Published online by Cambridge University Press: 05 June 2012
Mediated political communication has become central to politics and public life in contemporary democracies. Traditional features of politics persist, from old-fashioned door-to-door campaigning to party and social movement organizing. And people still engage in direct, unmediated political discussion with one another. However, many polities have reached a point where governance, along with a host of related processes such as opinion formation, could not occur in their present forms without various uses of media. Hence the title of this book.

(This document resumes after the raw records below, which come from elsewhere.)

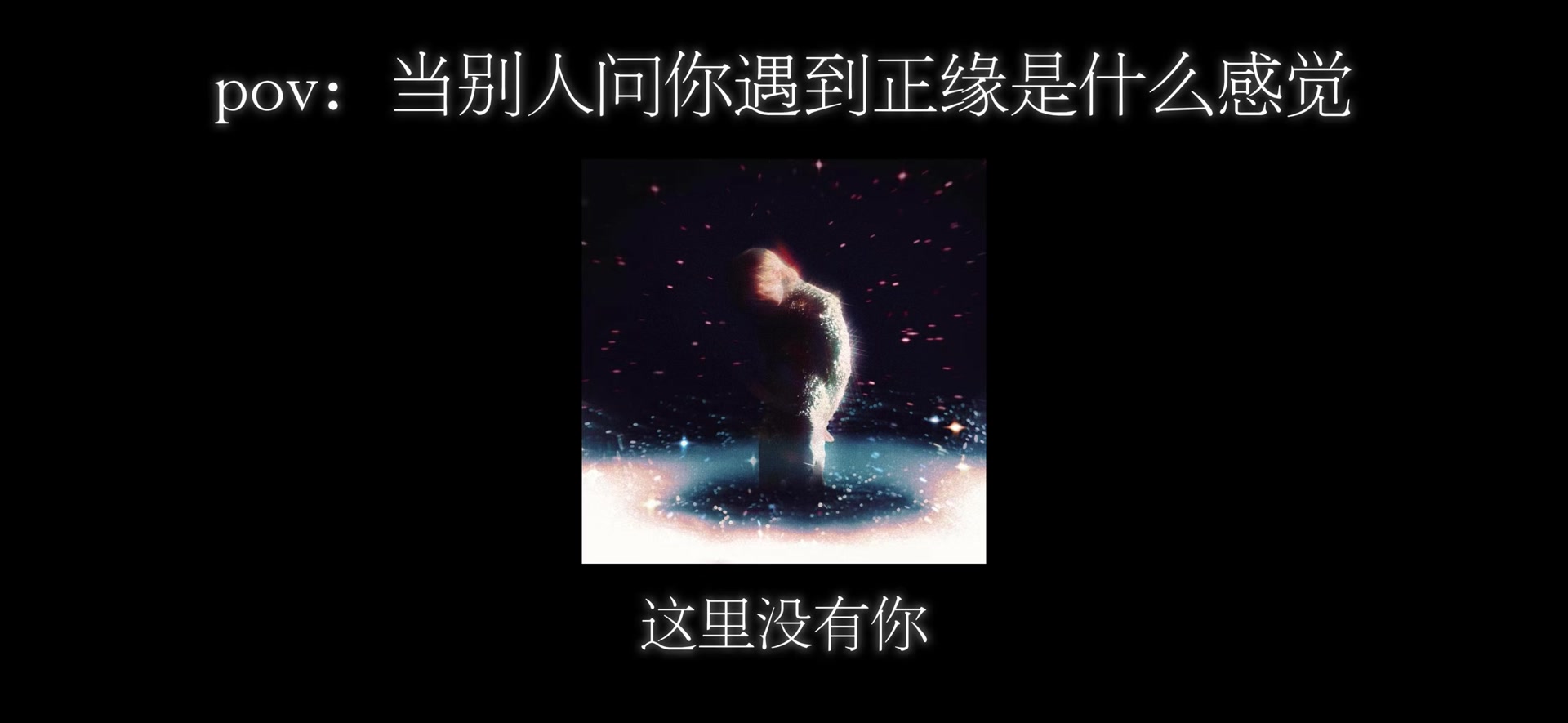 我还记得第一面见到你我心是怎样波动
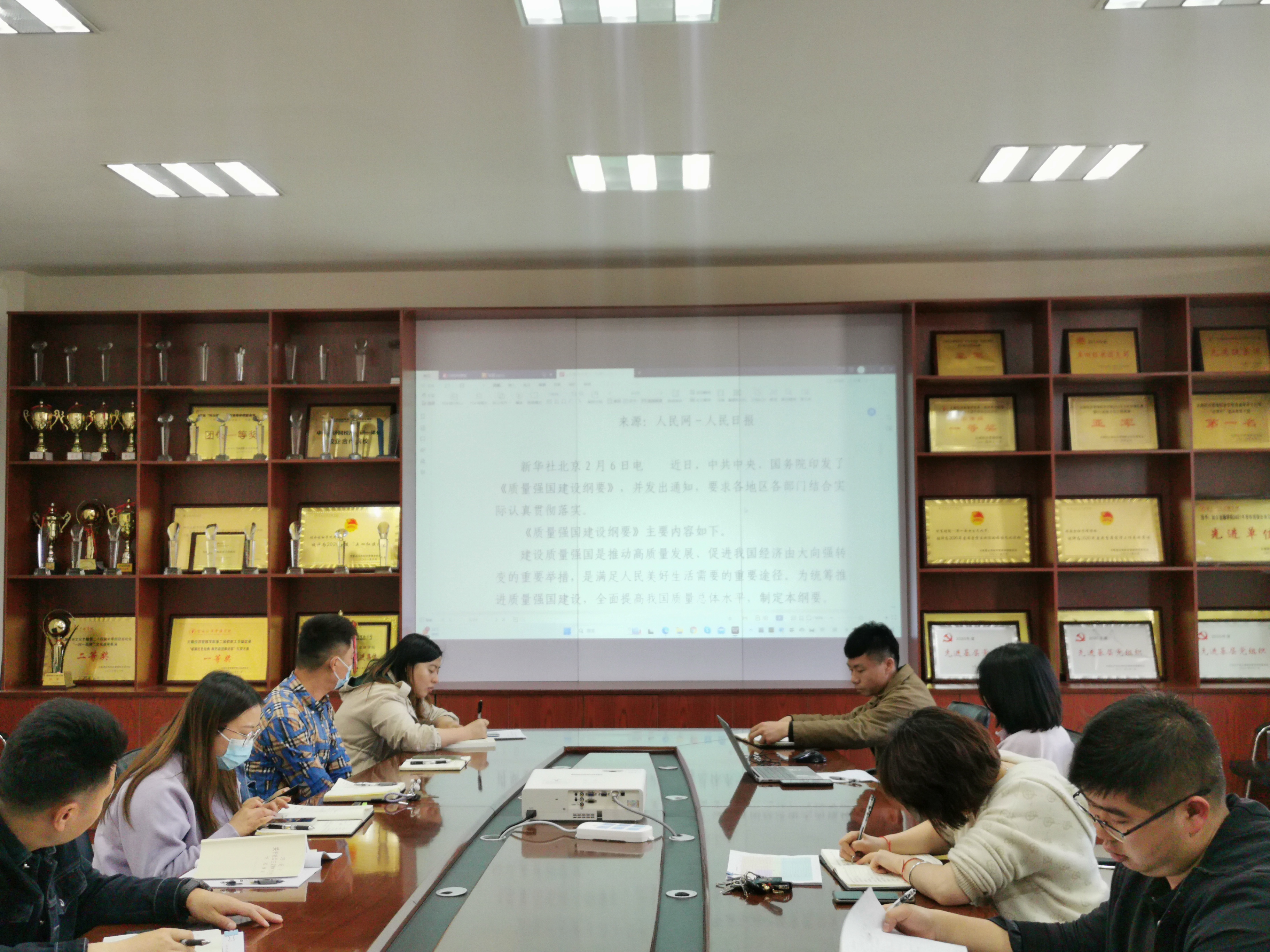 财会金融学院党总支组织学习习近平总书记  《复兴文库》所作序言和《质量强国建设纲要》 第 6 张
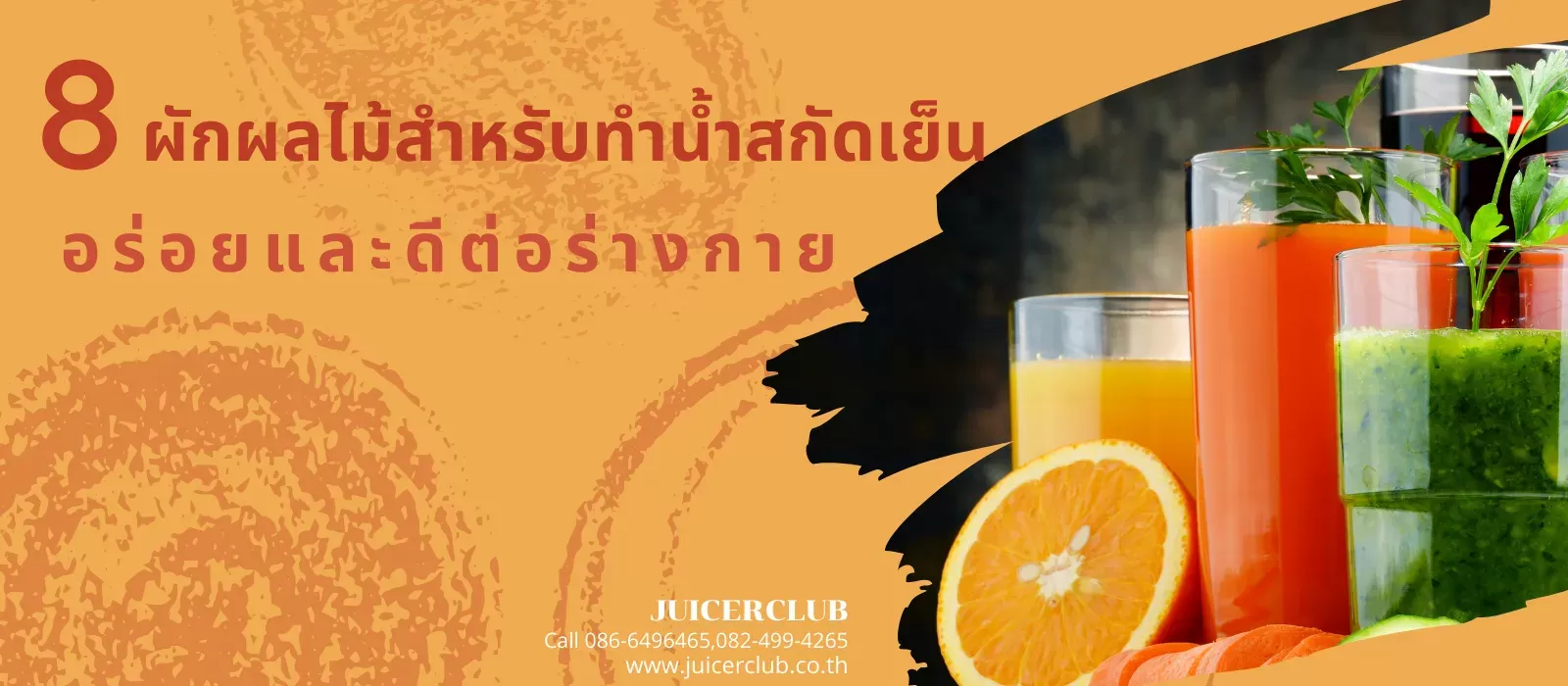 8 ผักผลไม้สำหรับทำ น้ำสกัดเย็น อร่อยและดีต่อร่างกาย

Many of the political changes that ushered in the twenty-first century, from the declining importance of nationalism in most postindustrial democracies, to the shifting patterns of participation within them, are typically linked to media processes, either as causes or as adaptive mechanisms. While some aspects of civic life such as voting, party identification, and national sentiments have eroded in many nations, other activities such as joining causes, protesting unpopular policies, and forming new regional and global communities appear to be on the rise (Inglehart 1997; Archibugi, Held, and Kohler 1998). Political and academic debates question whether changing patterns of participation and identification pose alarming threats to the legitimacy of democratic governments, or whether they are simply routine, even liberating, adjustments to new global social and economic conditions (Bennett 1998; Pool 1990; Putnam 1993, 1995; Rahn and Transue 1998). Answering the core questions about citizen experience in the democratic process increasingly requires understanding the centrality of mediated political communication both in the governing process and in citizen perceptions of society and its problems.